Since at least the late ’90s, Kaito has been producing a light but deeply ambient blend of house and trance. I’m hesitant, as most people are, to use the “t” word because of the kind of overcooked, thumping three-chord monstrosities that dominate the dance CD section of Target, but there really isn’t a better word for it. Kaito’s work is too fluid and wrought with sentimental synth leads to land on any of the dollar-bin Ibiza Dance compilations, but his bountiful arrangements are undeniably trance-like in their movement, each motivated by percussion that really doesn’t change from track to track, and basslines that are diminished by the ample featherweight bliss at the center.
Kaito’s Hundred Million Light Years, issued in 2006, is a significant improvement on his Kompakt debut LP Special Life, even if certain traditions remain firmly in place. The producer brands his releases with phrases or words that either communicate hippie-type free love stuff or just grandiosity in general (“Your Brilliant Flowers”, “The Universe”, “Everlasting”), and in perhaps an extension of this, he utilizes images of his son on nearly every record sleeve. For at least the first two full-lengths, Kompakt swapped the words “light” and “love” and issued beatless editions of the records, which likely made good with enthusiasts of the label’s Pop Ambient series (See PopMatters writer Tim O’Neill’s evaluation of Hundred Million Love Years here). Sonically, the distance between Special Life and Hundred Million Light Years is worth mentioning, as funky tracks like “Inside River” from the debut or cheesy piano tones like those on Special‘s “Scene” are nowhere to be found on Hundred Million, and although Trust is more relaxed than both of Wantanabe’s previous endeavors, little has changed.

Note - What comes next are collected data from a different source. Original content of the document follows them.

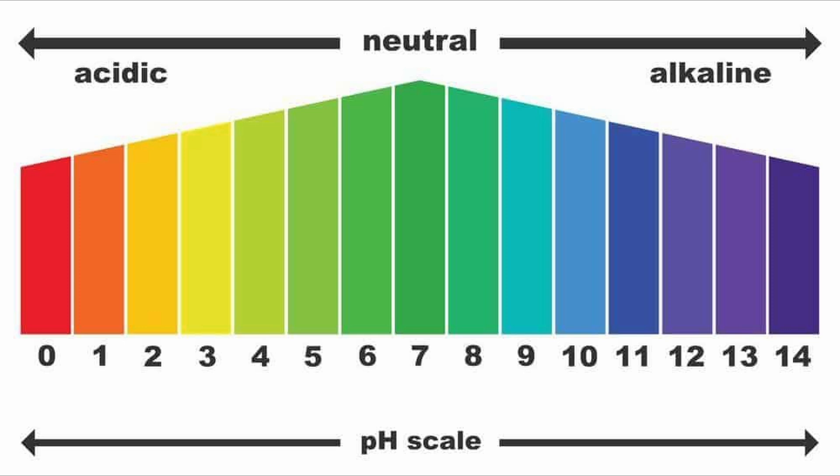Tomato juice would be a pH level of 4, milk a pH of 6, bleach a pH of 13, and caustic soda liquid drain cleaner a pH of 14. Most plants are going to want the pH level of water to be between 6 and 7. Lettuce likes the pH level to be in the 6.5 range, give or take a little bit.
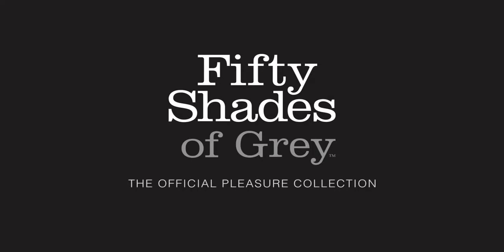The official Fifty Shades of Grey collection, the only range approved by E.L. James.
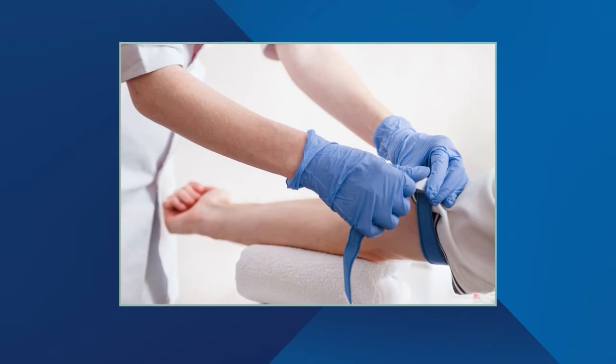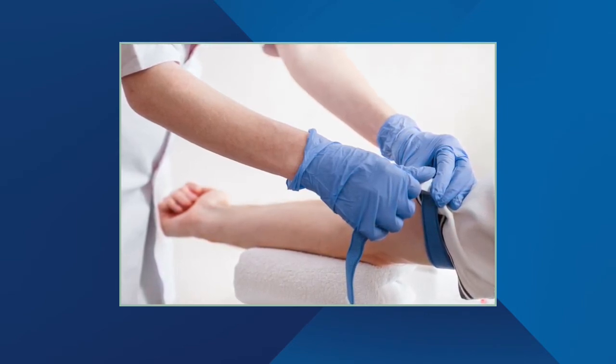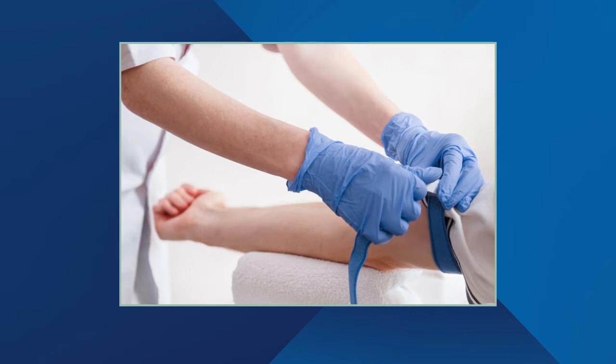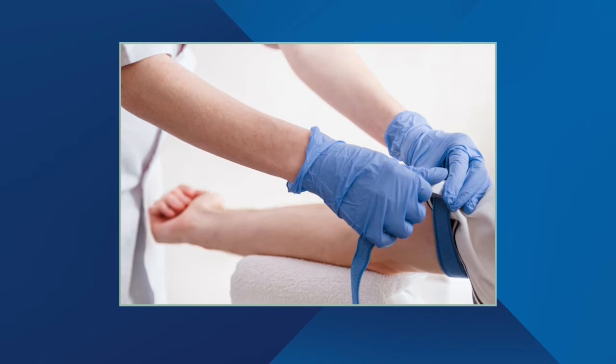Before you start using the device to find veins, please remember that this is an assessment tool to help you select a vein for cannulation. You should rely on your training and skills, such as palpation. Also, techniques like tourniquets help engorge the vein and should be used to aid in vein selection.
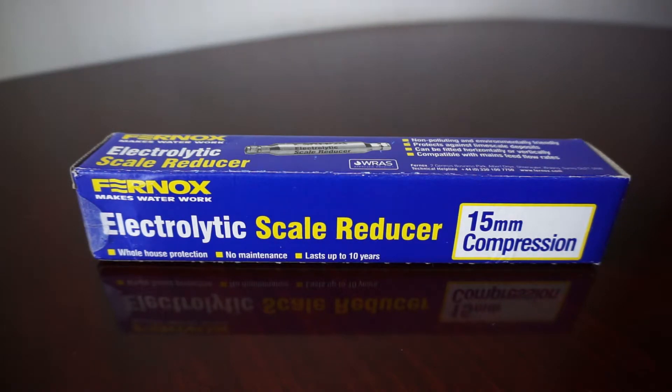I made a mistake and purchased an electrolytic scale reducer. I say I made a mistake because I wanted to purchase a filter only for my boiler. Instead, this one is for the entire house. So if you want to protect all your appliances from scale — your washing machine, your dishwasher, and everything else — then this will be perfect. Only for the combi boiler, I think it's inappropriate due to its size. But anyway, let's see how it looks and what it does.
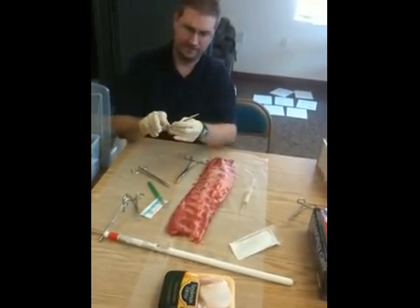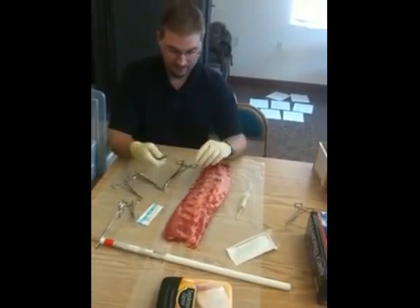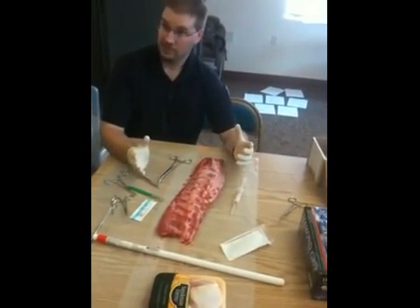You want a nice set of flat needle-driver forceps when you make your suture. Get that ready. Drape them up, scrub them up. You put on sterile gloves when you do this — you want to stay as sterile as possible.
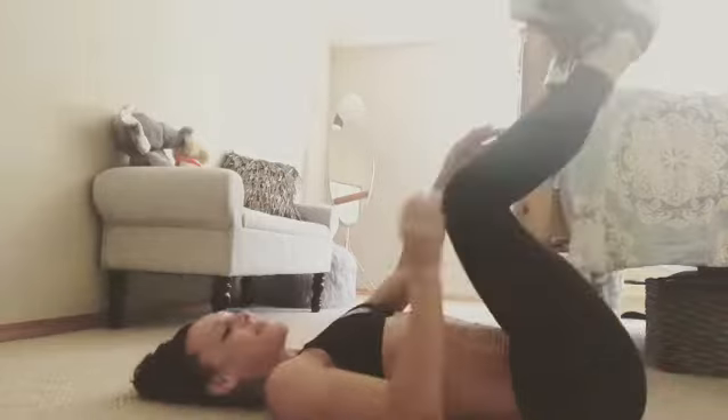And there you go — that is a hip lift core exercise. Take care, have a great afternoon, and I will see you tomorrow.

At its loudest, Kaito’s Trust is still perfectly restrained. Both “Rainbow Circles” and the title track begin tenderly — synths swell around the kick drum, while larger, more celebratory string sounds stream alongside it, padding minimal chimes that suit the original theme well. “We Are Living Here” is actually born in a somber place, and hosts abbreviated breaks that offer more shadows than do Trust‘s other tracks. But its central idea changes little, and its course doesn’t differ much from the other productions here. There is a kind of comfort I’ve come to associate with the Kaito experience, and that’s here in droves. It’s just that while Trust expands ultimately to the size of its own universe, it never really rattles ours, or anything.